The Congressional Joint Committee on Taxation
(JCT) recently published its General Explanation of Tax Legislation Enacted
in the 110th Congress. This alone spanned
642 pages!
Worst of all is the rising threat from the specter
of the AMT, a parallel and complex tax system once aimed at ensuring the
rich paid a substantial tax bill. By 2010, more than 30 million taxpayers
will have to compute and pay the AMT; that number will rise after 2010 if
the current tax rates are extended.
This tax complexity monster is already striking
unsuspecting taxpayers, some earning less than $50,000 per year. The IRS
National Taxpayer Advocate notes that the AMT is "so complicated that many
taxpayers are not aware that they may be subject to it."

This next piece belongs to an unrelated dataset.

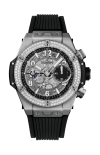 Hublot | BIG BANG UNICO TITANIUM DIAMONDS 42 MM - 441.NX.1171.RX.1104 (1)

In many cases, taxpayers must decipher a separate
instruction booklet, and then fill out a 55-line form, only to discover they
don't owe the AMT. This exercise is a major detour in tax preparation. No
wonder about eight in 10 taxpayers who owe the AMT pay a tax professional
to compute their taxes.
Though tax rate brackets, personal exemptions,
and the standard deduction rise with inflation, the AMT tax structure remains
frozen. Each year, the AMT identifies a growing number of taxpayers as "rich" even
though their real income hasn't changed.
Congress and the President waited until after
Christmas Day of 2007 to enact a one-year "patch" sparing about 20 million
Americans from having to wrestle with the AMT ... or did it? Because Washington
was so late to act, the IRS was forced to reprogram and test its systems
after the agency had already prepared for a tax filing season without the
patch. As a result, taxpayers with possible AMT issues were told to wait
until February 11 last year to file their returns. This included not only
taxpayers filling out the AMT form, but also those using five other forms
with AMT consequences – including Schedule 2 of Form 1040A, Child
and Dependent Care Expenses.
The best solution for the AMT is to simply get
rid of it altogether, a remedy repeatedly recommended by the IRS National
Taxpayer Advocate. But if Congress can't or won't do that, then it should
at least adjust the tax's application to avoid a complexity nightmare for
taxpayers and the IRS. Unless Congress acts soon, one in four tax filers
will pay the AMT, and half of all married filers with dependents will be
liable.
Federal
Law Orders Cut in Paperwork, but Tax Paperwork Burden Rises
In an attempt to bring the paperwork burden under
control, Congress passed the Paperwork Reduction Act of 1995. According to
the Office of Management and Budget (OMB), the new law "set an annual government-wide
goal for the reduction of the total information collection burden of 10 percent
during each of Fiscal Years 1996 and 1997 and 5 percent during each of Fiscal
Years 1998 through 2001. The baseline is the total burden of information
collections as of the end of FY 1995."
By that measurement, the law has been a failure,
largely due to the increasing burdens at the IRS, which accounts for nearly
80 percent of the federal government's entire paperwork load imposed on citizens.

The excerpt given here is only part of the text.